■ **WORK REQUEST**
Please output the listing below character for character and omit the images.

■ **DATASET EXTRACT**
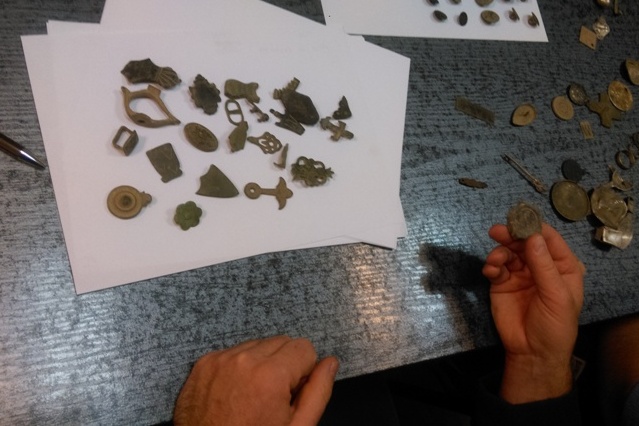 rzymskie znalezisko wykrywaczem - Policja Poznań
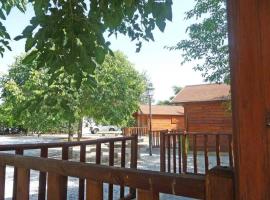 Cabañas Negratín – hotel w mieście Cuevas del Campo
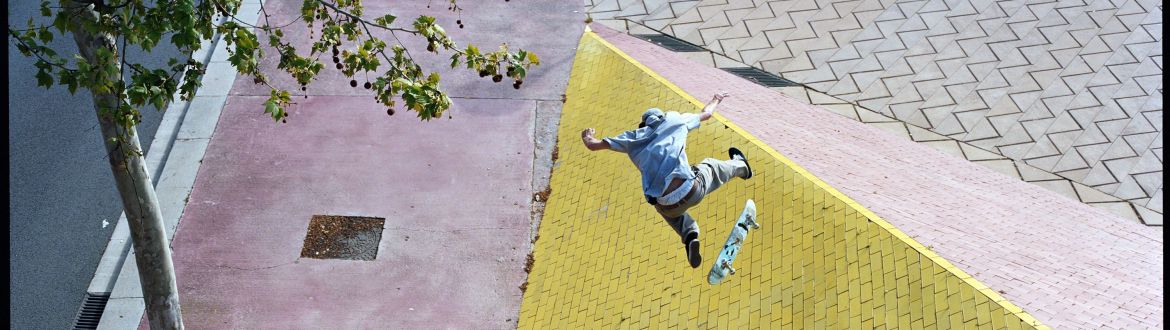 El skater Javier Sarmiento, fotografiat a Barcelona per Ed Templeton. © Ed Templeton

■ **SOLUTION FOR THIS EXERCISE**
 rzymskie znalezisko wykrywaczem - Policja Poznań
 Cabañas Negratín – hotel w mieście Cuevas del Campo
 El skater Javier Sarmiento, fotografiat a Barcelona per Ed Templeton. © Ed Templeton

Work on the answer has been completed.